It is a curious chance that the most ancient monuments of human civilization should stand upon a land which is one of the youngest geological formations of our earth.
The scene of that artistic activity made known to us by the oldest architectural remains of Africa and of the world was not Upper Egypt, where steep primeval cliffs narrow the valley of the Nile, but the alluvion of the river’s delta. It would be difficult to decide whether the impulse of monumental creativeness were here first felt, or whether the mere fact of the preservation of these Egyptian works, secured by the indestructibility of their construction as well as by the unchangeableness of Egyptian art, be sufficient to explain this priority to other nations of antiquity — notably to Mesopotamia.

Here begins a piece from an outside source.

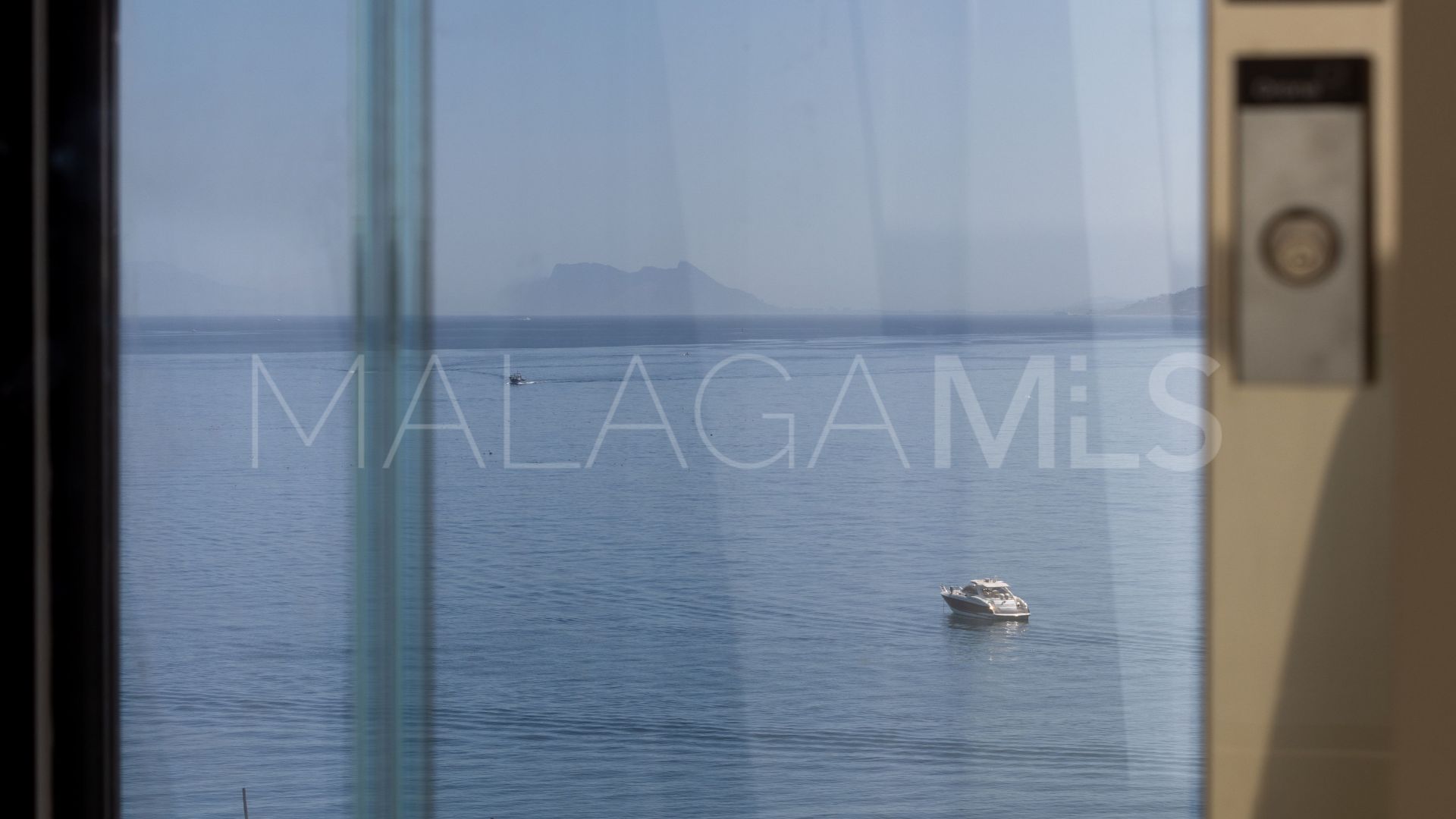 Ático for sale de 3 bedrooms in Estepona Puerto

Although no ruins have been found in Chaldaea of earlier date than the twenty-third century B.C., it is not at all impossible that remains of greater antiquity may yet come to light in a country which is by no means thoroughly explored. Nor should we deem the old est structures now preserved to be necessarily those first erected. The perishable materials of the buildings which stood in the plains of the Euphrates and Tigris, generally sun-dried bricks with asphalt cement, were not calculated to insure long duration, or to prevent their overthrow and obliteration by the continual changes in the course of these rivers, through the silting and swamping of their valleys. Yet, though tradition would incline us to assume that Chaldaean civilization and art were the more ancient, the oldest monuments known exist upon the banks of the Nile.